To achieve the transport component of the Vision 2020, and place Nigeria on the path of economic prosperity, a Professor of Transportation Geography, Department of Geography, University of Lagos, Samuel Iyiola Oni, has called for restructuring of the sector.
This, he said, would be done using spatiotemporal approach, without which every other effort to tackle challenges of the sector will continually be fruitless.
Delivering the inaugural lecture series at UNILAG, titled, “A Spatio-Temporal Restructuring of Transportation System In Nigeria,” Oni also highlighted that institutional reforms in the sector is also critical in the restructuring process.
He said since transportation is life, without which nothing can do, all the key players in the road, rail, maritime and aviation sector should come together and synergise, as the nation’s economy will benefit from that golden alliance.
He said: “The starting point for transport restructuring in Nigeria therefore, is the generation of sound, qualitative and up-to-date data. Without this, research, planning and development in this sector will only continue to be guesswork, and planning would continually be done on erroneous scales.
An effective, efficient, coordinated and integrated multimodal transportation system is the ultimate for a sustainable Lagos megacity and Nigeria’s development.
“If we get it right in the transport sector, that is prosperity for Nigeria’s economy, otherwise, we keep on having high cost of agricultural product and then you cannot liberate the natural resources that are hidden in the system. The resultant derivate or our restructuring and transformative model prognosis will be mobility sustainability, higher living standards, fuller employment of resources, reduced income inequality and poverty, and consequently heightened economic growth rates and social development.”

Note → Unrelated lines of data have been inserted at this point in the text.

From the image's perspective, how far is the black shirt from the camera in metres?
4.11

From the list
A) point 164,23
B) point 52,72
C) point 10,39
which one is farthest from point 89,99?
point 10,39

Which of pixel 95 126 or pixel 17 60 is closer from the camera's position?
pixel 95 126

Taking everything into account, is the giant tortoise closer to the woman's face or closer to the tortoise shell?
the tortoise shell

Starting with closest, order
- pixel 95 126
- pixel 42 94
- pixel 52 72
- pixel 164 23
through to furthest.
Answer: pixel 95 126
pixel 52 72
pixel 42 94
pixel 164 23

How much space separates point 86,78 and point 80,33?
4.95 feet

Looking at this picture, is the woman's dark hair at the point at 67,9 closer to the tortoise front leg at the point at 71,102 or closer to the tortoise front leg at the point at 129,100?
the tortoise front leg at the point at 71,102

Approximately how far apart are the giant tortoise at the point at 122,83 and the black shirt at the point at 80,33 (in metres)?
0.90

Urging the Federal Government to complete the road sector reforms and establish a road authority and a road fund, he also challenged them to review and strengthen the enabling transport policy, as doing so would enhance best world practice in the administration of road network development and management in the country.

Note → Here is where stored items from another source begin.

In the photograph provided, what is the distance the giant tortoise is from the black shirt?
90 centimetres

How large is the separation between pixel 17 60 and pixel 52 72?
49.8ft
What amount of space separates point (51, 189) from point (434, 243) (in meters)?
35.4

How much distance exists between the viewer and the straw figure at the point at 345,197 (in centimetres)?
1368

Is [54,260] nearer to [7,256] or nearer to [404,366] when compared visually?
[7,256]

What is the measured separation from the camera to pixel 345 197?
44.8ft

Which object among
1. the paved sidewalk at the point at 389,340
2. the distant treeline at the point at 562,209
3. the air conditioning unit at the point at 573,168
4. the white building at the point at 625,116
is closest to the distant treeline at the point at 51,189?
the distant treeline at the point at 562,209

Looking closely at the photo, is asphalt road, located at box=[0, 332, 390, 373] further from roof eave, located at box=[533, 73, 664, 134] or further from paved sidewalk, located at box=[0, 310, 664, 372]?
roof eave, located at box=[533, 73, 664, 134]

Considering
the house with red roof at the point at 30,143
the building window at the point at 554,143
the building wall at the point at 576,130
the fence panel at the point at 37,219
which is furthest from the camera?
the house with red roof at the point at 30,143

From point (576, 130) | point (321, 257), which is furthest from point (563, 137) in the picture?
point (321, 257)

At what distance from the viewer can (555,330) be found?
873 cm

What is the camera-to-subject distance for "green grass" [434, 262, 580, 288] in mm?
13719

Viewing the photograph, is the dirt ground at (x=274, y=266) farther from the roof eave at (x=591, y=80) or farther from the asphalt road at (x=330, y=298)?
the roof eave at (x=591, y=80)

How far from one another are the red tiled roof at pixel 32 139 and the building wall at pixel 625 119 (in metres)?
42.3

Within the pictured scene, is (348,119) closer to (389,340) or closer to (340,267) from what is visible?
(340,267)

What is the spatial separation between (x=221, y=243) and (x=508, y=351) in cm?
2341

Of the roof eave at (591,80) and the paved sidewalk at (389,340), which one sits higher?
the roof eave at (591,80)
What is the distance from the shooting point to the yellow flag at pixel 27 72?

There was also a call at the lecture for the creation of the National Transport Commission and Federal Roads Authority, which the lecturer explained will improve service delivery in the sector, rejuvenate institutional structures, delineate policy functions, involve private sector in financing and managing the sector. The agency will also aid in the implementation of the improvements needed to achieve the transport component of Vision 2020.
The 61-pages lecture also highlighted the contemporary problems in rural, intra-urban and regional travels, counselling that a structure must be put in place with appropriate comprehensive guidelines and infrastructure, so as to achieve liveable urban, rural and regional transportation and modal systems in a coordinated and integrated manner.